冷蔵庫には独特の趣があると思う。さみしい、安心する、ほの明るい。基本的に冷蔵庫は白くて大きくて重く、中は冷たいけど外は暖かい。ドアを開くと明かりがついてわたしの顔を照らす。それでなんとなく他の家電たち、洗濯機や電子レンジやテレビなどとは差別化されて、ある種の情緒を生み出している気がする。
『我等の生涯の最良の年』において、戦争で両手を失って帰ってきたホーマーと、彼を待ち続けていた恋人のウィルマが向き合う重要な場面、二人のうしろには冷蔵庫がある。
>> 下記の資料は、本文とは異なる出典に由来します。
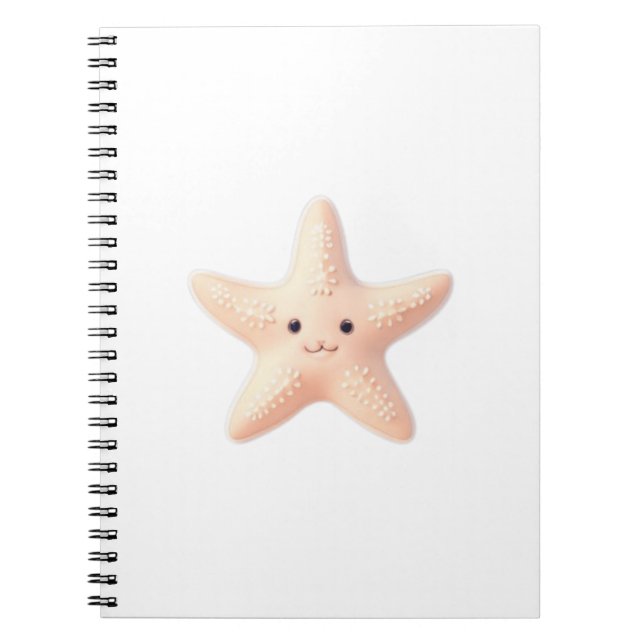 Caderno Espiral Cute Pink Starfish (Frente)
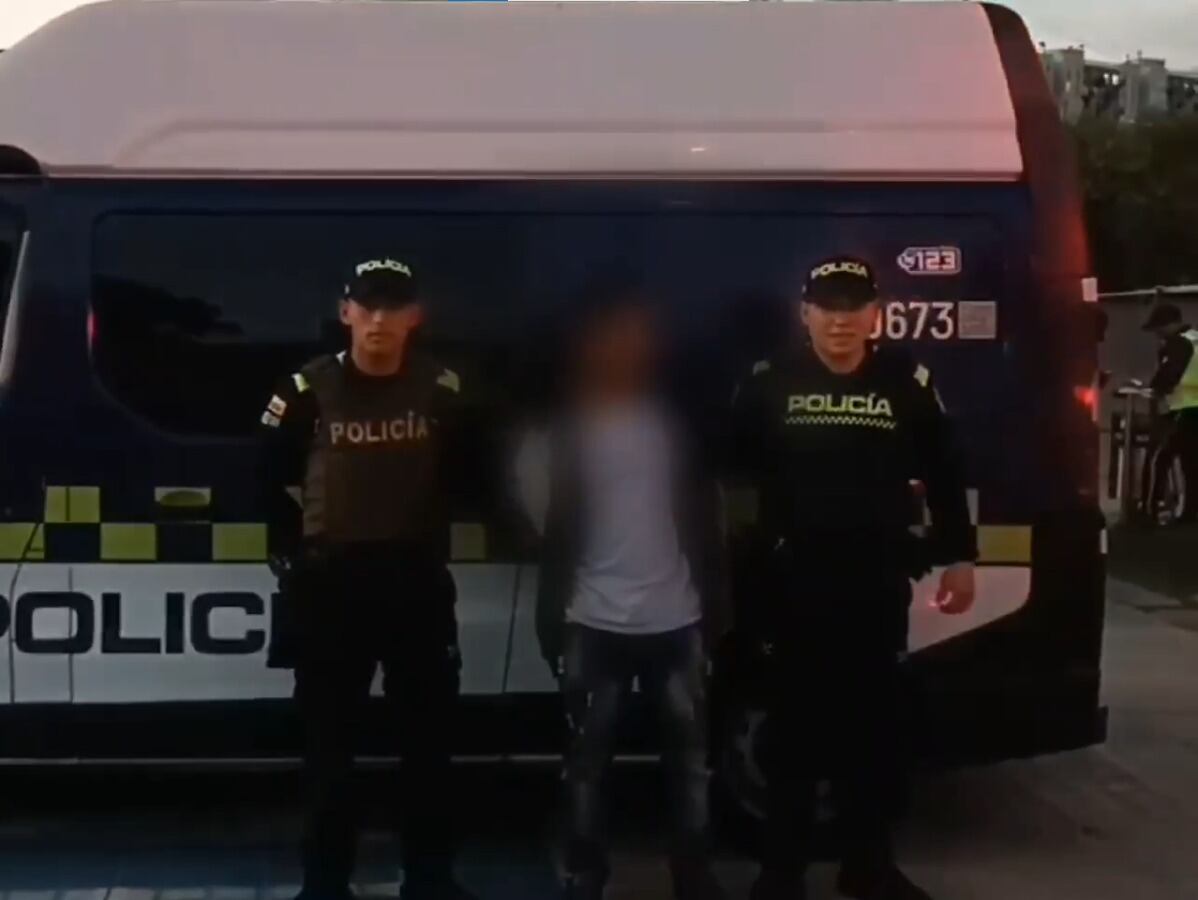 Cortesía: Policía Metropolitana de Bogotá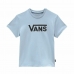 Детски Тениска с къс ръкав Vans Flying V Crew Син
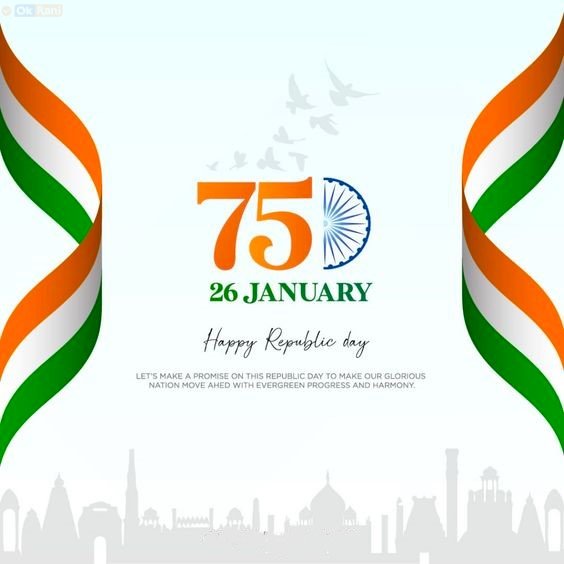 75th Republic day Wishes images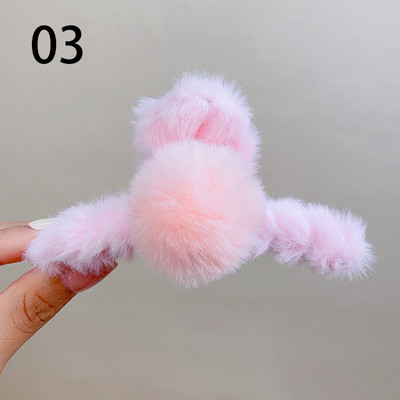 Új téli plüss Claw Clip Női Lány Aranyos Nagy Hajgolyó Haj Karom Egyszínű Hajtű Fejfedő Divatos Haj kiegészítők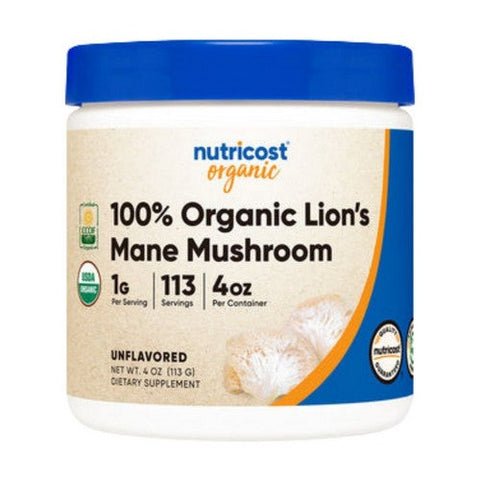 Nutricost, Lion's Mane Powder Organic, 4 Oz Nutricost
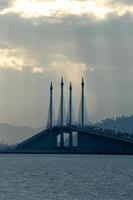 Sun ray at Penang Bridge photo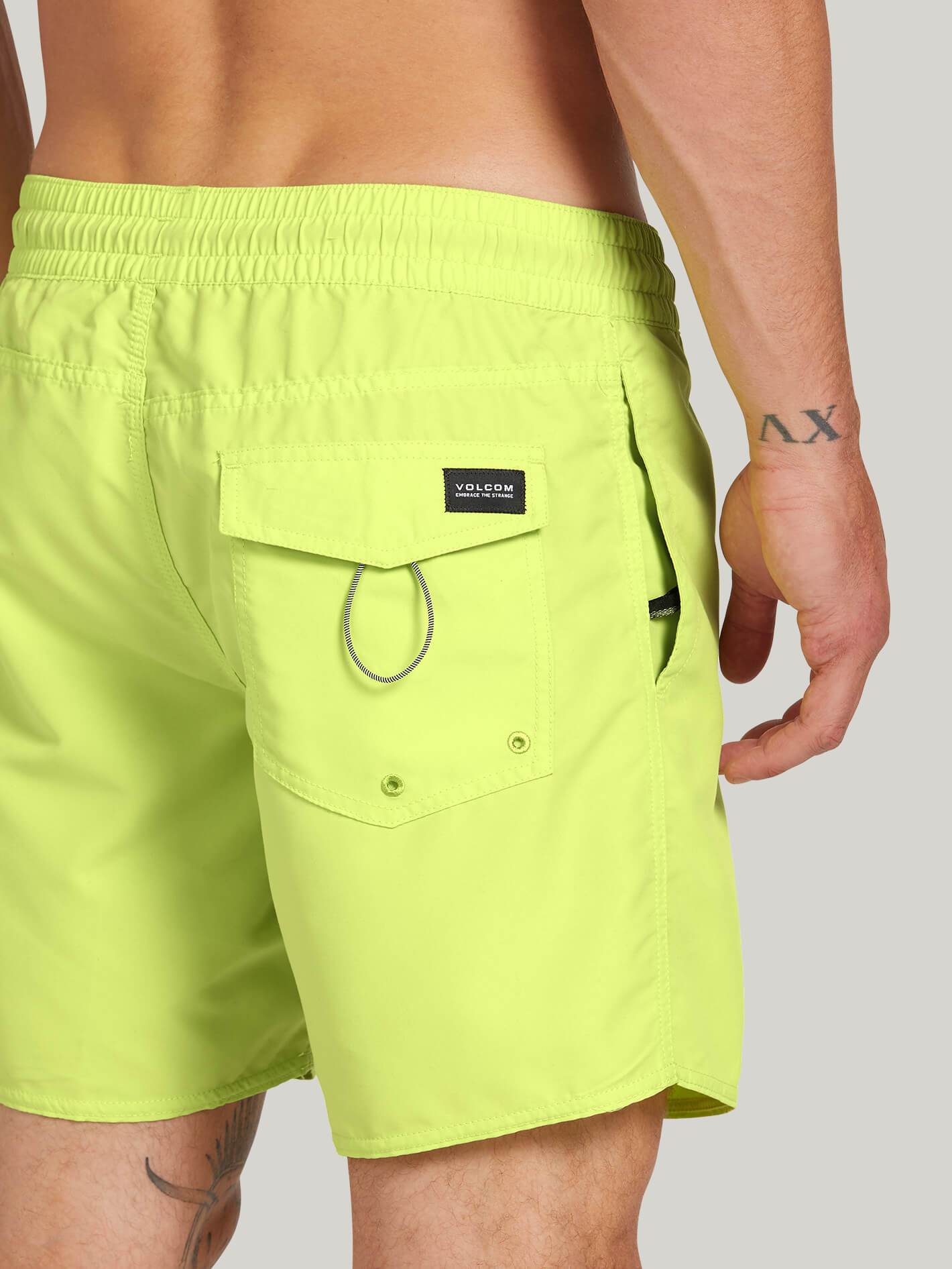 Boardshort Lido Solid Trunk 16" - HILIGHTER GREEN
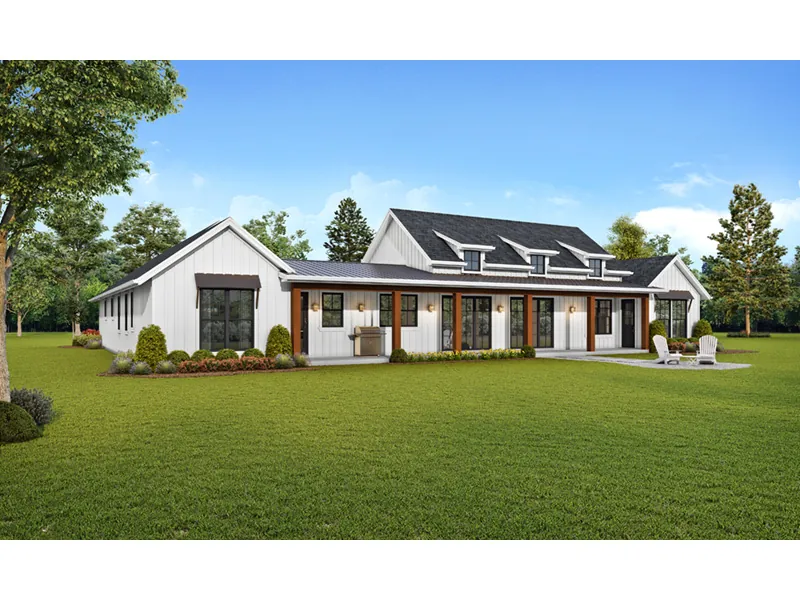 Country House Plan Rear Photo 01 - Allison Park Modern Farmhouse 011D-0630 - Search House Plans and More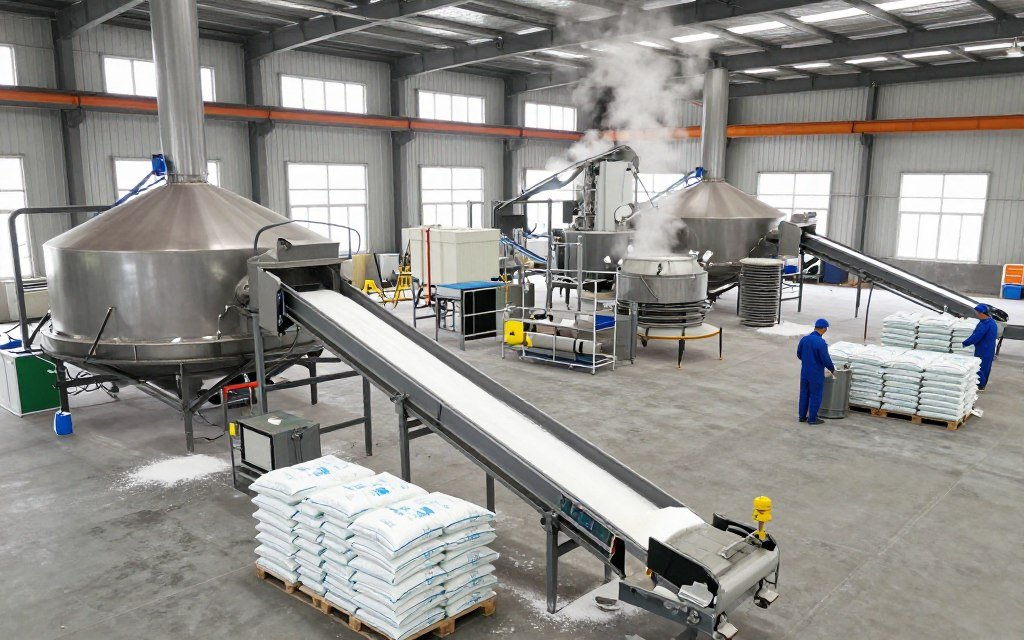 Complete MAIKONG organic fertilizer production line facility in operation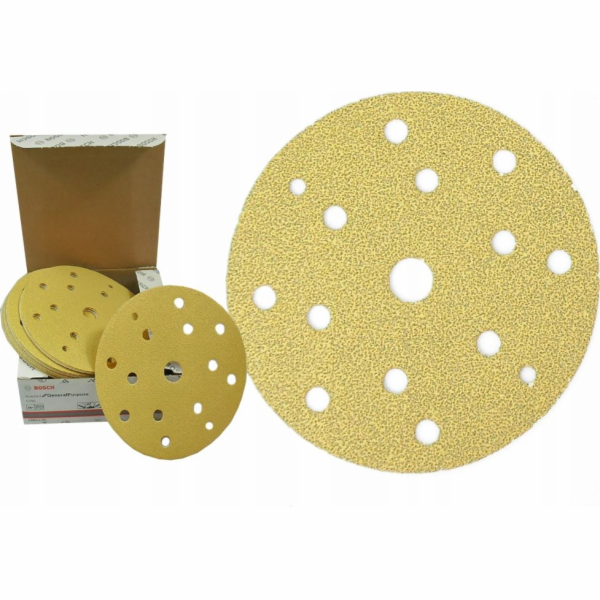 Bosch Kotouč 150 mm C450 gr. 80, 50 kusů, 15 děr (2608621...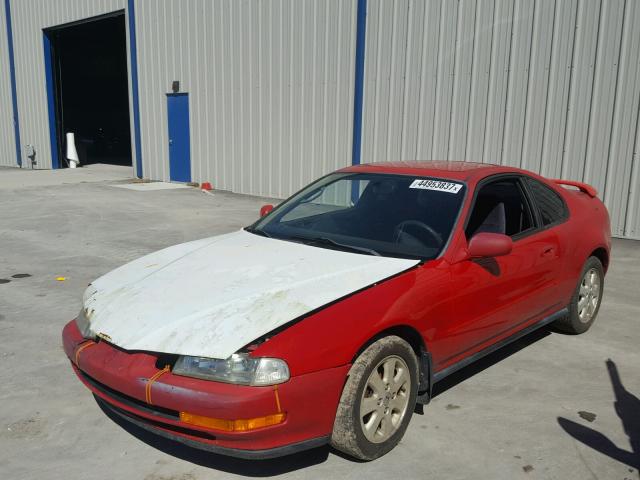 JHMBB2155PC003699 - 1993 HONDA PRELUDE SI RED photo 2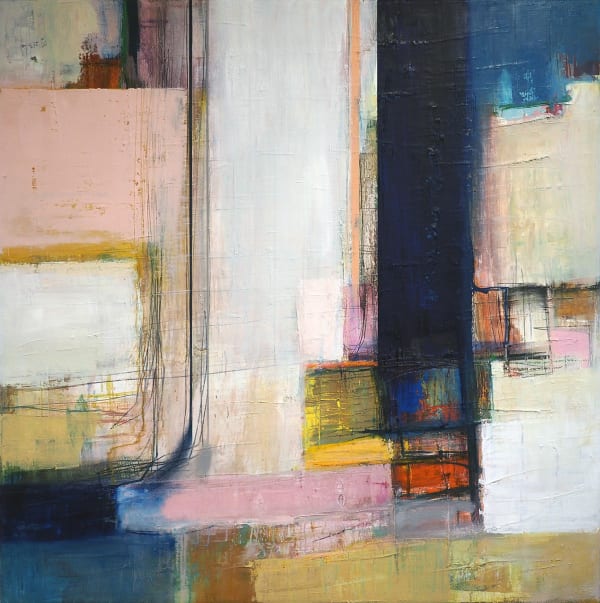 Morten Lassen Beyond words k (2), 2023 Oil and spray on canvas 120 x 120 cm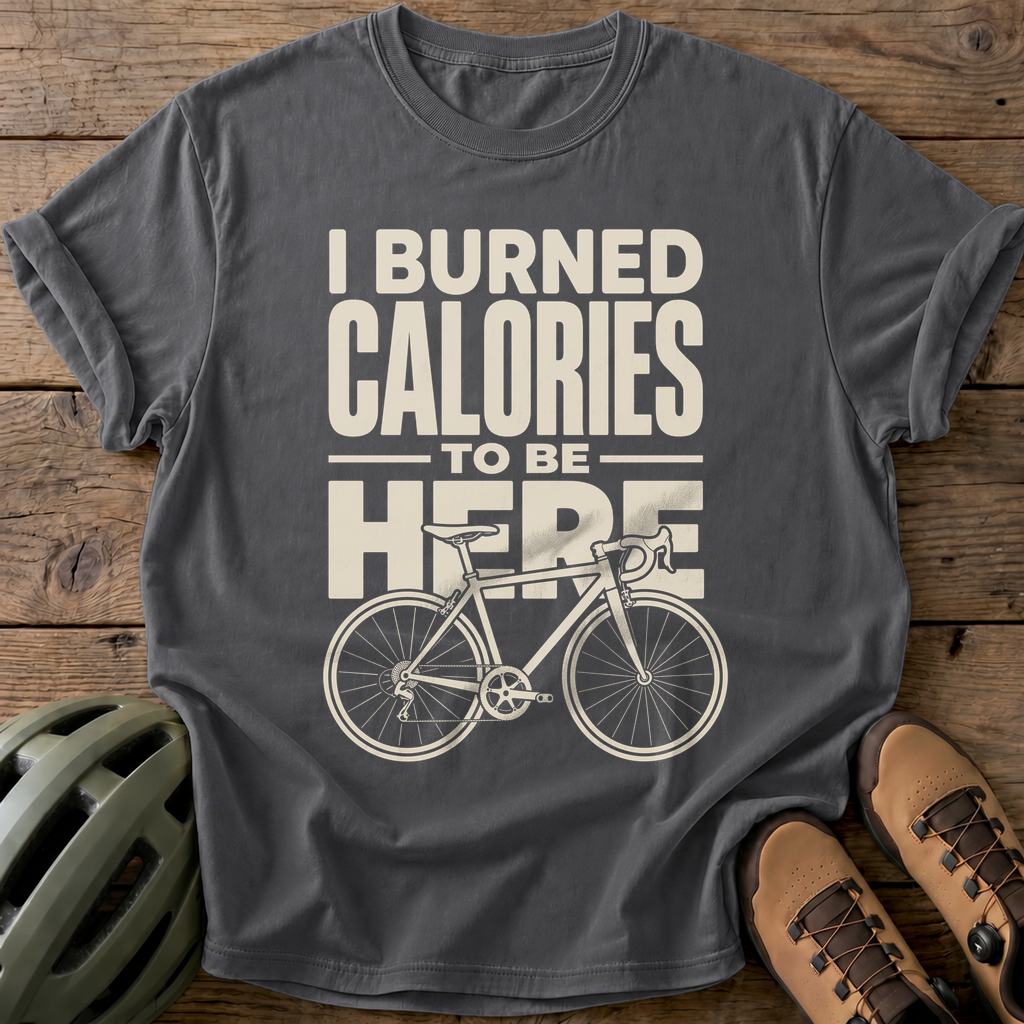 Burned Calories Tee — pepper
眠る前にミルクを飲もうとするホーマーを、隣に住むウィルマが訪ねてくる。ウィルマは「話があるの」といい、ホーマーは戸惑いつつもウィルマを家に入れる。その間ずっと冷蔵庫のドアが開いたままになっているのが気になる。ホーマーはウィルマに「ミルクは?」「チキンは?」などと聞くが、思い詰めた様子のウィルマはどちらも断る。そこで初めてドアが閉められ、冷蔵庫は黙って、ふたりの背景となる。ウィルマはそれまでもずっとホーマーを見つめていたが、ホーマーがウィルマをまっすぐ見つめかえすのはここがはじめてである。ふたりはこの夜、共に生きていくことを決意する。
『mid90s』にも、冷蔵庫が印象的な場面があった。スティーヴィーがルーカス・ヘッジズ演じる兄に追いかけ回されるところ、冷蔵庫が中心に据えられ、その周りをぐるぐるとふたりが走り抜けていく。物言わぬ冷蔵庫が真ん中に配置されていることで、ふたりが無鉄砲になりすぎないように、傷つきすぎないように、バランスを取っているみたい。
『アボカドの固さ』を観て、わたしはカラックスの『ホーリー・モーターズ』と似た感動をおぼえた。人間は多面的な存在であり、それゆえにどうしようもなく孤独であるが、その孤独をまるごと引き受けて生きるしかない。というか生きる演技をするしかない。冷蔵庫の前でアボカドの固さを確かめる主人公の姿に、「恋愛」とか「暮らし」とかの向こう側にある、遠い淵のようなものが一瞬だけ光って見えた気がした。